Some marketing tools allow us to “exclude” certain targets through their profiling systems (for example, excluding AdWords Keywords), but this is not always possible.

This is where the Copy comes in!

Imagine a standard funnel:

The user is on a search engine, a social platform, or a website -> sees our ad -> clicks -> lands on our landing page

In this funnel, we have two moments where the Copy is crucial: the ad copy and the landing page copy.

You can be tempted to create ads that are SUPER sales-oriented! To convince everyone, attract everyone’s attention, and show your commercial proposal as the best on the market by creating incredibly catchy copy and creativity.

This might not be the right solution! It’s the best way to trawl and attract those leads that will only be wasted time in their management for us.

Use the two communication tools we talked about earlier (ad and landing page) as a sieve to attract only those leads that have a good chance of turning into profitable business! Use them as a filter that doesn’t let through the customers you don’t want, don’t be hungry to please everyone, try to please only the people with whom to build constructive relationships and leave the others out.

There is then a big difference between positioning the filter at the ad level or at the landing page level:


The ad, depending on the medium used, can consist of pure text, text with images, video…

Each of these elements must be something to reflect on to “tighten” the mesh of your filter and to make it clear not only to whom your proposal is addressed but also to whom it is NOT addressed.

The ad is an extremely important moment for a substantial reason: it is often that moment that separates free activities from paid ones!

Unless your campaign is strategically set up in CPM for some reason (which rarely happens in a Lead Generation campaign), ad display is often free; you pay for the click.

If the “wrong” user clicks, you have wasted the money for that click.

That’s why it’s extremely important to be able to put a first filter at this point. If you don’t do it, wasted money adds up to wasted time.

Landing Page:

It is the page where users land after clicking on your ad.
And it can be internal or external to the website.

Unlike the Ad, here you can really indulge in creativity, it’s all up to you: page layout, colors, fonts, texts, images, you have no limits or space constraints… you have a blank canvas. So use it!

Explain your proposal, and make clear those points that are fundamental in the decision-making process of your landing reader. Don’t leave things “unsaid” that when discovered will drive the prospect away. You will still have wasted money on the campaign, but at least you won’t have wasted time.

A very powerful filter on landing pages is the form.
Some forms are extremely agile (2 fields to fill out… and go), others are very complex.

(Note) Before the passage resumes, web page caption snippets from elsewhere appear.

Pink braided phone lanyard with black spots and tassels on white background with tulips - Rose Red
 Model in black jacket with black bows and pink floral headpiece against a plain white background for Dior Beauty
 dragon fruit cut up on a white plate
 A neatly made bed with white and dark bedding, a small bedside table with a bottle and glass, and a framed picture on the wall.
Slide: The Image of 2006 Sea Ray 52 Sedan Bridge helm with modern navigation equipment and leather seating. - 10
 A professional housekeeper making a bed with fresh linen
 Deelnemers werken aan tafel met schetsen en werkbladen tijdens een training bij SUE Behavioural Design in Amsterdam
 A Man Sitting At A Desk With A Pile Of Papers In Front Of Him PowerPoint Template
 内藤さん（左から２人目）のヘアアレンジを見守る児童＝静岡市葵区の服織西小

Which of the two is the better solution?

The answer is “it depends,” but I have to give you some advice, otherwise, what am I writing for?
The advice is this: if you are in one of those situations where a “not aligned” client for you is a problem in terms of time and workload management, then go in the direction of the “complex” form.

A “complex” form has two advantages:

  • It allows you to exclude all those people who don’t want to spend even 5 minutes of their time to get in touch with you, allowing you to move forward only on contacts that show real interest,
  • Through a “complex” form, you can get some preliminary information. Let’s imagine them as columns in an Excel database that tell us a bit about our lead. These are data we can work on, perhaps aided by a CRM: we can sort, filter, create automations, and group into categories to communicate differently.

A form of this type tends to be considered a “stumbling block”. But what for someone is a stumbling block, for someone else is a filter. What for someone is an inhibition, for someone else is a selection.

A “simple” form, on the other hand, is probably the best solution for those who want a human relationship with the lead. There are scenarios in which “talking to someone” is the best way to close a deal… but this, repeated for each lead, takes time. So track everything, use a timesheet, and calculate your ROI if you don’t want to waste money.

In summary: don’t be afraid to choose your customers!
This will allow you to reduce time waste and make business processes more efficient, and, more importantly, it will also allow you to deal with those customers with whom you can give your best.